CPU times: user 3.2 s, sys: 0 ns, total: 3.2 s
Wall time: 3.26 s
%%time, y_train)
stochastic_gd_pred = stochastic_gd.predict(X_test)
print('Stochastic GD')
print('  Accuracy:  ', accuracy_score(y_test, stochastic_gd_pred))
print('  Precision: ', precision_score(y_test, stochastic_gd_pred))
print('  Recall:    ', recall_score(y_test, stochastic_gd_pred))
Stochastic GD
  Accuracy:   0.9808429118773946
  Precision:  0.9392857142857143
  Recall:     0.9887218045112782

CPU times: user 93.8 ms, sys: 31.2 ms, total: 125 ms
Wall time: 119 ms

The results above indicate that SGDClassifier is able to find a solution in significantly less time than LogisticRegression. Although the evaluation metrics are slightly worse on the SGDClassifier, we can improve the SGDClassifier's performance by tuning hyperparameters. Furthermore, this discrepancy is a tradeoff that data scientists often encounter in the real world. Depending on the situation, data scientists might place greater value on the lower runtime or on the higher metrics.

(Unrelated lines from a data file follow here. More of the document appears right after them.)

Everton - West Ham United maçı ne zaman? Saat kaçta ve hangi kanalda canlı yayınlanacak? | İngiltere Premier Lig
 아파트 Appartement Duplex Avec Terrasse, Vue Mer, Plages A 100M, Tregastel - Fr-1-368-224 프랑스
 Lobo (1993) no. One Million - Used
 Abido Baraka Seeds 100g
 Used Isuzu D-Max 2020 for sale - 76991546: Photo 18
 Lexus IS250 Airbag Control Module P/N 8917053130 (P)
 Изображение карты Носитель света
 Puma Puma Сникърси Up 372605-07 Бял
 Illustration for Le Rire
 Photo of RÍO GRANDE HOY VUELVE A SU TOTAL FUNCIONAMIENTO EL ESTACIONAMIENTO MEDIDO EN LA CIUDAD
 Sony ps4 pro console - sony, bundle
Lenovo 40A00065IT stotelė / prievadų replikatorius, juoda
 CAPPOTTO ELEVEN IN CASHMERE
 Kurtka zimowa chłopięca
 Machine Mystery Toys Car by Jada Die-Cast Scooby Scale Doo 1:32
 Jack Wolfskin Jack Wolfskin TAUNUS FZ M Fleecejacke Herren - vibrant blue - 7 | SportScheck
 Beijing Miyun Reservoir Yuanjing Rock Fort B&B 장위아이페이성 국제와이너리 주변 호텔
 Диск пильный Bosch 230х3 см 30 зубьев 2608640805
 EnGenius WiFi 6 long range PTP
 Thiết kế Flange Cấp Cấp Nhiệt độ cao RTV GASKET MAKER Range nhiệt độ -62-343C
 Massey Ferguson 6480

Stochastic gradient descent is a method that data scientists use to cut down on computational cost and runtime. We can see the value of stochastic gradient descent in logistic regression, since we would only have to calculate the gradient of the cross entropy loss for one observation at each iteration instead of for every observation in batch gradient descent. From the example using scikit-learn's SGDClassifier, we observe that stochastic gradient descent may achieve slightly worse evaluation metrics, but drastically improves runtime. On larger datasets or for more complex models, the difference in runtime might be much larger and thus more valuable.